Early models (Series I/II/IIx) had a sample resolution of 8 Bits (linear coding), whereas the last Series III provided 16 Bits. Even with the latest 16-Bit model, the CMI has its "own" sound. One of the reasons is the usage of analog VCFs and VCAs for subtractive sound post-processing, providing a certain "warmth" in the sound quality. On the other hand, a variable sample read-out clock is employed for pitch variation (possibly with excessive jitter due to the usage of BRMs). Since no sample value interpolation is employed in the digital domain, lower playback rates produce audible frequency images at the DAC outputs if the VCF cutoff frequency is set to very high values (disabling analog interpolation). This artifact however is phase-coherent with the played waveform (due to the variable clock principle) and is therefore incorporated within the total sound reception as a "crispy", "hissy", "breathy" or "smoky" component.
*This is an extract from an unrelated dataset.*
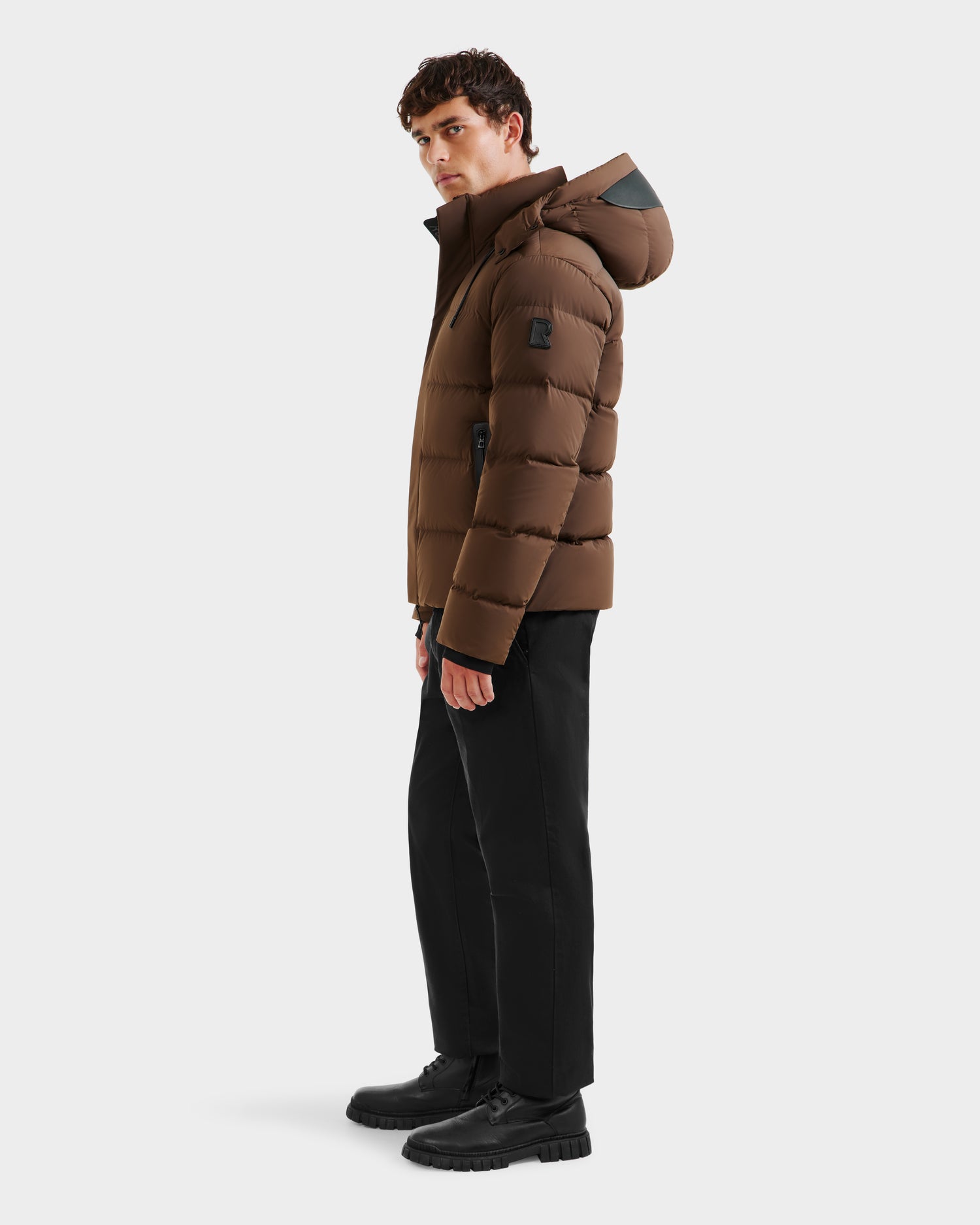 A person stands sideways against a plain light background, wearing the Rudsak JOEL - 6124605 Mocha men’s puffer jacket with a hood, paired with black pants and black shoes.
Apart from sampling, sound creation and manipulation is possible via (non-realtime) software functions (like FFT, adding, mixing, envelope shaping, flanger etc.).
Based upon the CMI Series III model with an XDR upgrade, the MFX1 and MFX2 disk recorders were released as successors, still supporting the CMI functions.

Sound:
Used as a sampler, the CMI is famous for its (infamous) orchestra-hits ("stabs"), "smoky" synthetic vocal sounds, low-pitched "crispy" percussions, and the unique library of natural instrument samples. (The sound of older 8-Bit models with their limited bandwidth is sometimes critized to be like a "nasal honk".) As for the additive synthesizer capabilities, the CMI typically produces very bright artificial sounds (which can be characterized by adjectives like: "breathy", "organ-like", "glass-like", "metallic", "technical", "digital").
Series IIx: See Greg Holmes' page for sound examples of 8-Bit models.
Series III: Click here for a demo (copyright disclaimer).
 
Links  
  (...thanks to Jean-Bernard for many new links and lots of technical information!)
 
Models  
 
  • Qasar (I) (1970-1971, digital/analog hybrid synthesizer):
    (prototype, by Tony Furse (Creative Strategies, Sydney).)

  • Qasar II (1972-1973, duo-phonic digital/analog hybrid synthesizer):
    (prototype, by Tony Furse (Creative Strategies, Sydney), supported by Federal government funding from the Australia Council, The Canberra School of Electronic Music, and especially Don Banks.)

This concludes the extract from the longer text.